___ Given records ___

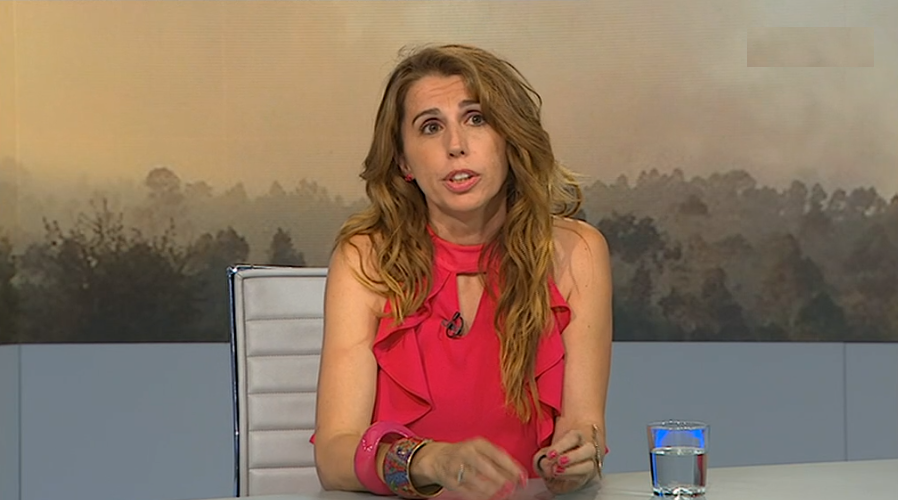 Entrevista a Susana Monteiro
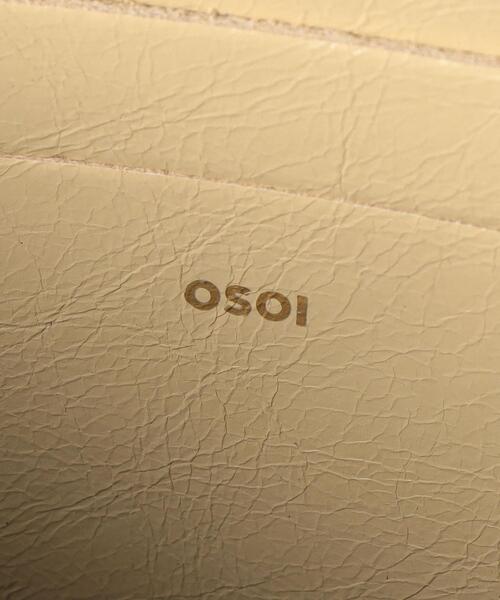 OSOI（オソイ）の「＜OSOI（オソイ）＞CIRCE MINI バッグ（ショルダーバッグ・レディース・ナチュラル/ライム/ブラック/ライラック・FREE）」の8枚目の写真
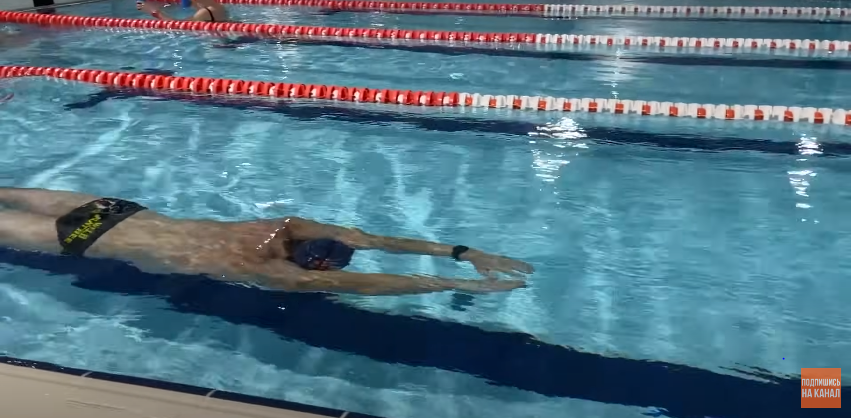 Как не тонуть и поймать баланс в плавании? | Школа плавания SwimRocket ...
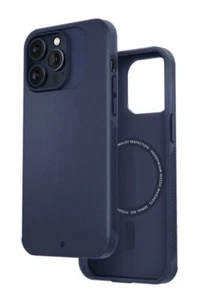Caudabe SYNTHESIS (MAGSAFE) iPhone 15 Pro Max Blue BNIB - Picture 1 of 4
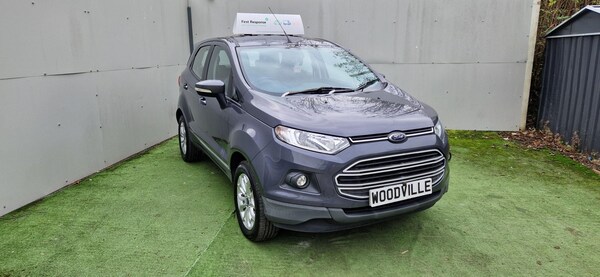 Used Ford Ecosport 2017 for sale - 76290779: Photo 3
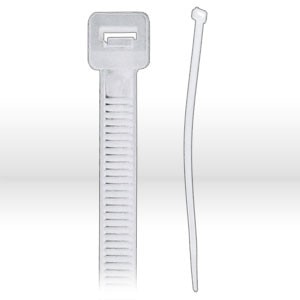 ACT ADP24-175-N-50 Heavy Duty Cable Tie 24" 0.35" Nylon 66 Natural Clamping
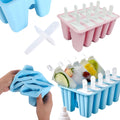 10 Pieces Ice Cream Molds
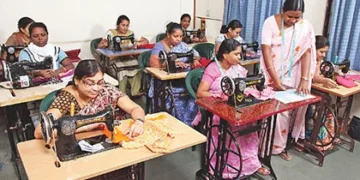 Free Sewing Class at Valneshwar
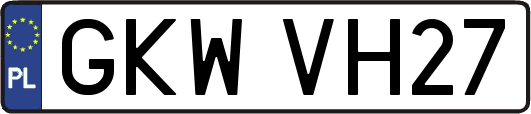 GKWVH27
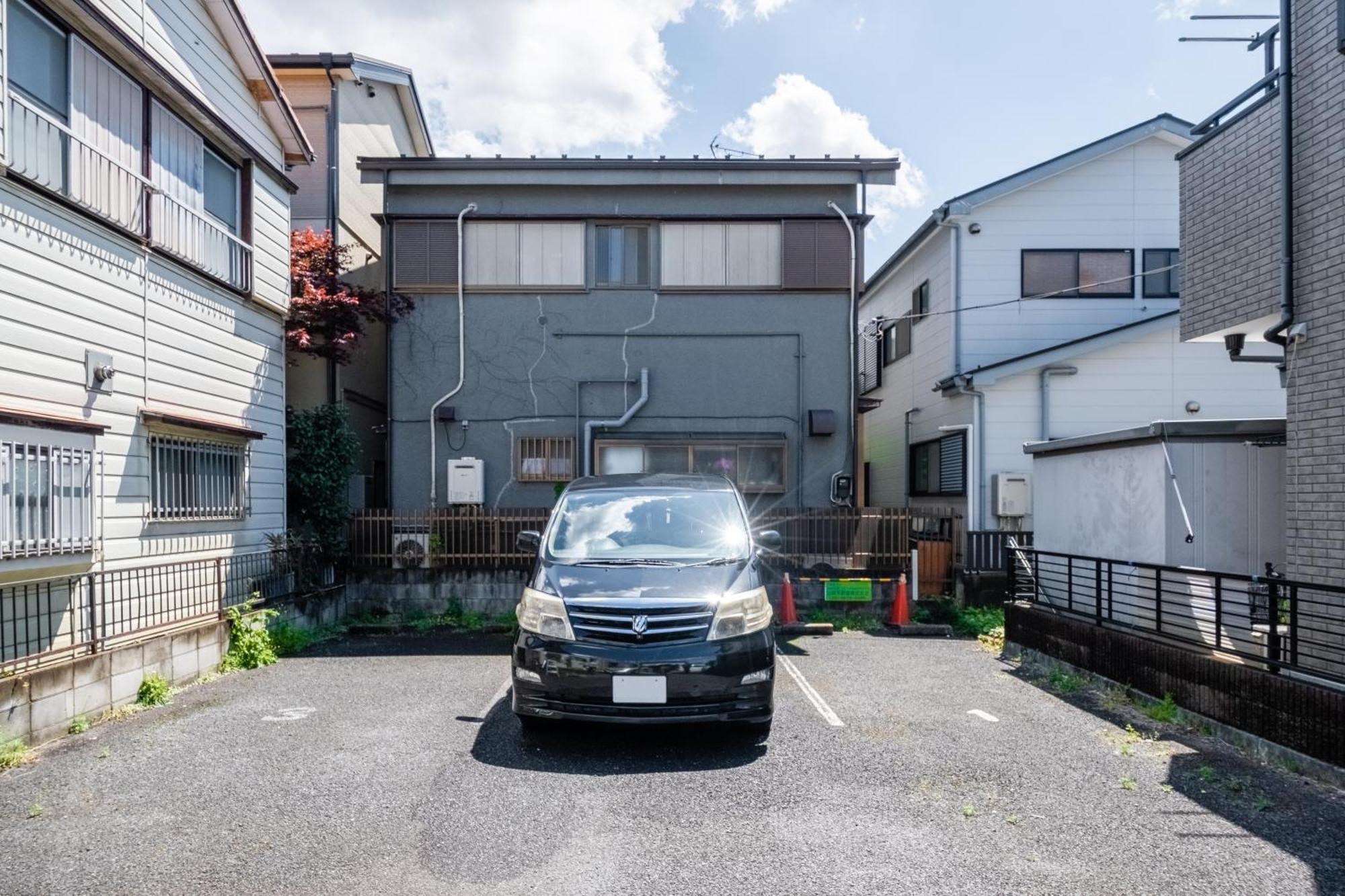 東京芳华驿站 Tóquio Exterior foto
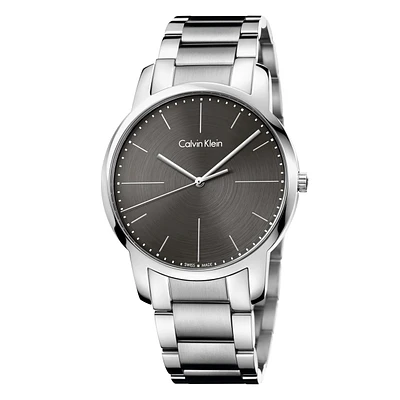 RELOJ CALVIN KLEIN CITY K2G2G1Z3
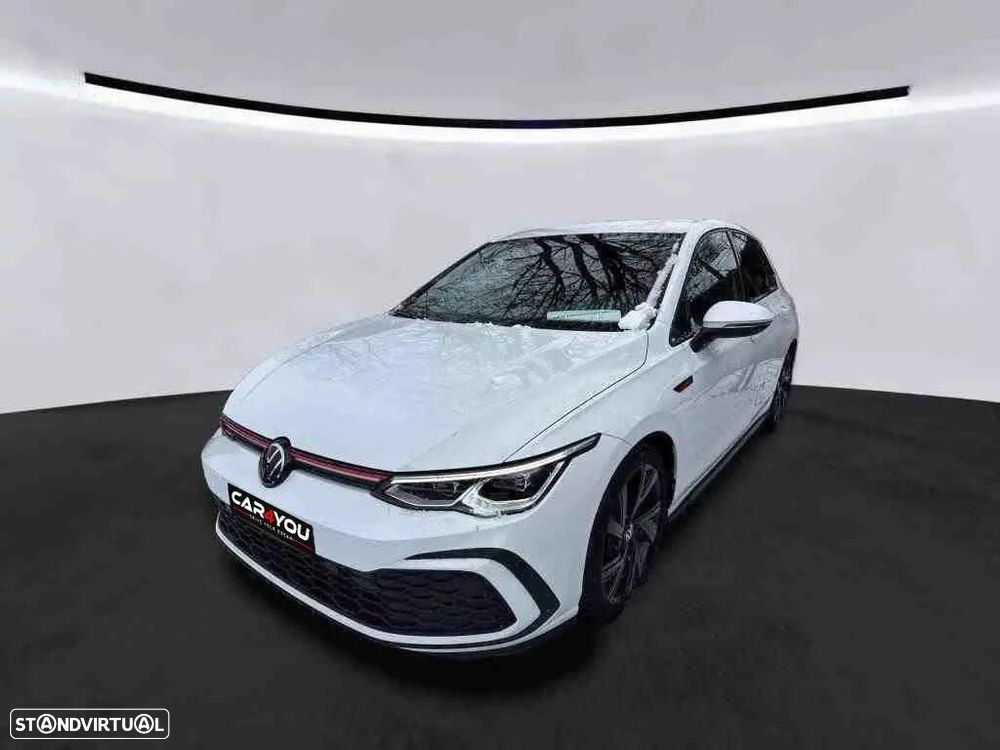 VW Golf 2.0 TSI GTI DSG - 1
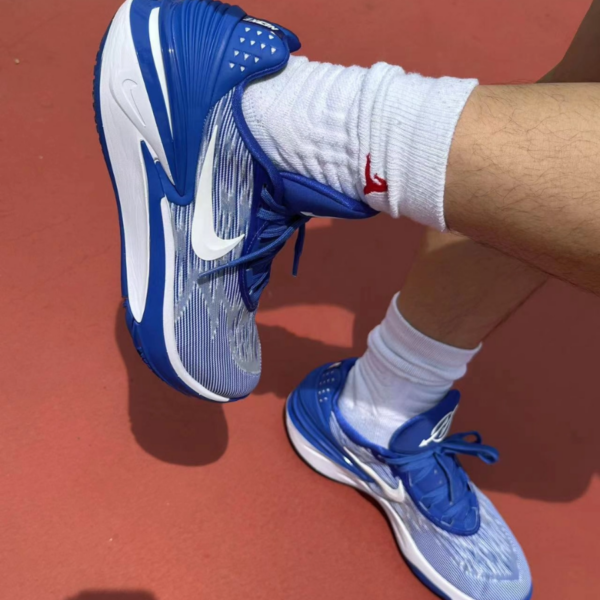 Giay Nike Air Zoom GT Cut 2 TB 'Game Royal' FJ8915-400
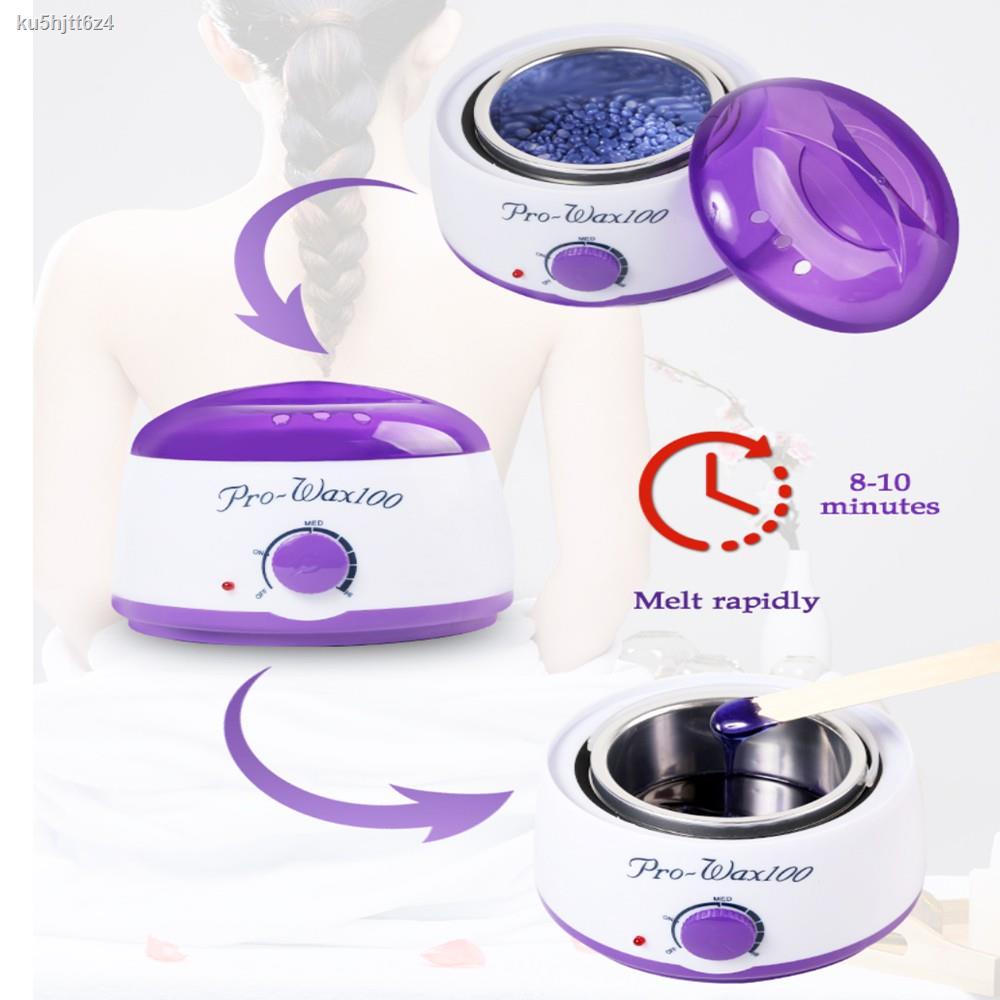 Professional Wax Heater Warmer pro wax machine SPA Hair removal wax
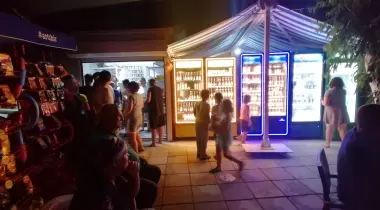 Çaylı kamping
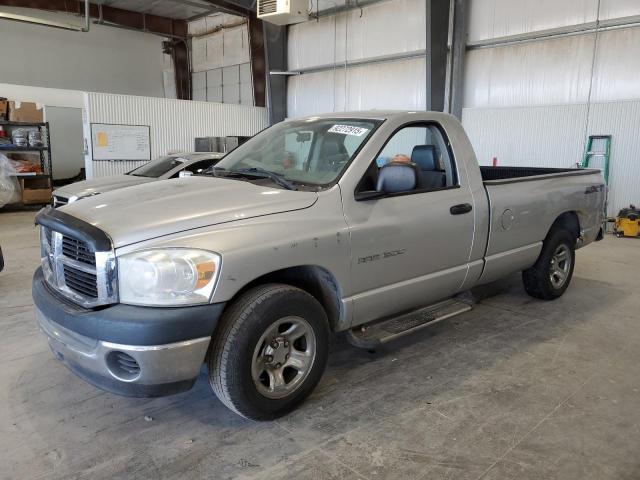 DODGE RAM 1500 2007 مع رقم تعريف المركبة 1D7HA16K37J561673 - صورة من المزاد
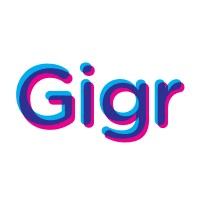 Gigr Entertainment & Technology logo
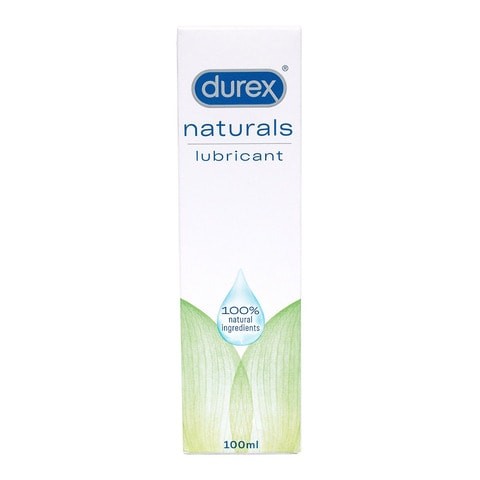 Durex Natural Intimate Oils 100 ml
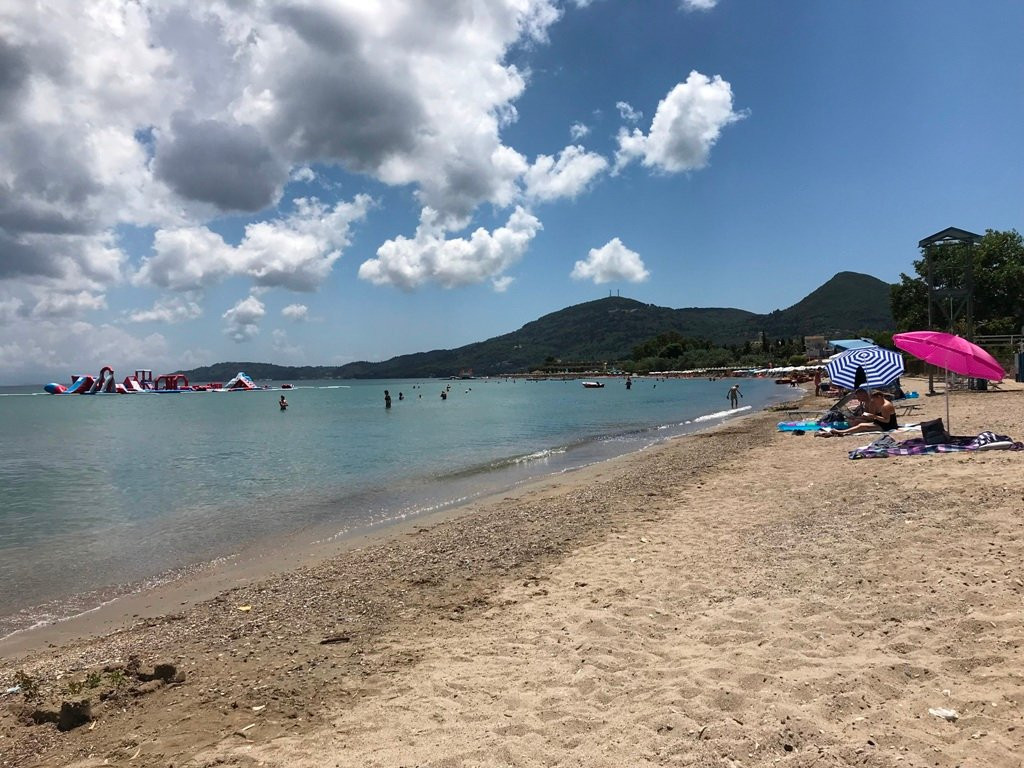 Moraitika Beach-Moraitika必去景点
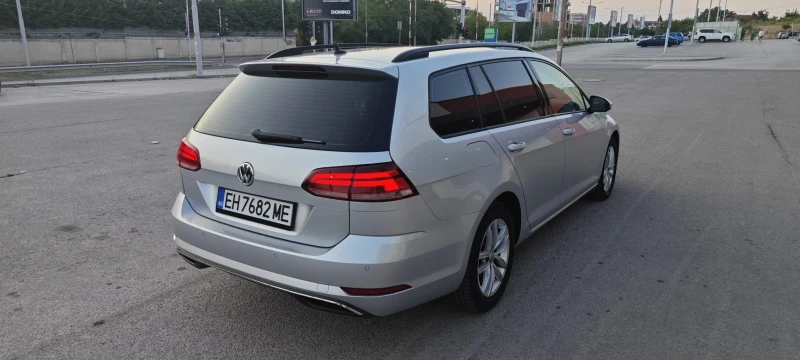 VW Golf Variant 2.0tdi , снимка 5 - Автомобили и джипове - 52825513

___

» **Try it**: All lines from the one containing "RELOJ CALVIN KLEIN CITY K2G2G1Z3" through the end of the entries, both ends included, should be written out exactly, with no pictures.

» **Completed task**:
 RELOJ CALVIN KLEIN CITY K2G2G1Z3
 VW Golf 2.0 TSI GTI DSG - 1
 Giay Nike Air Zoom GT Cut 2 TB 'Game Royal' FJ8915-400
 Professional Wax Heater Warmer pro wax machine SPA Hair removal wax
 Çaylı kamping
 DODGE RAM 1500 2007 مع رقم تعريف المركبة 1D7HA16K37J561673 - صورة من المزاد
 Gigr Entertainment & Technology logo
 Durex Natural Intimate Oils 100 ml
 Moraitika Beach-Moraitika必去景点
 VW Golf Variant 2.0tdi , снимка 5 - Автомобили и джипове - 52825513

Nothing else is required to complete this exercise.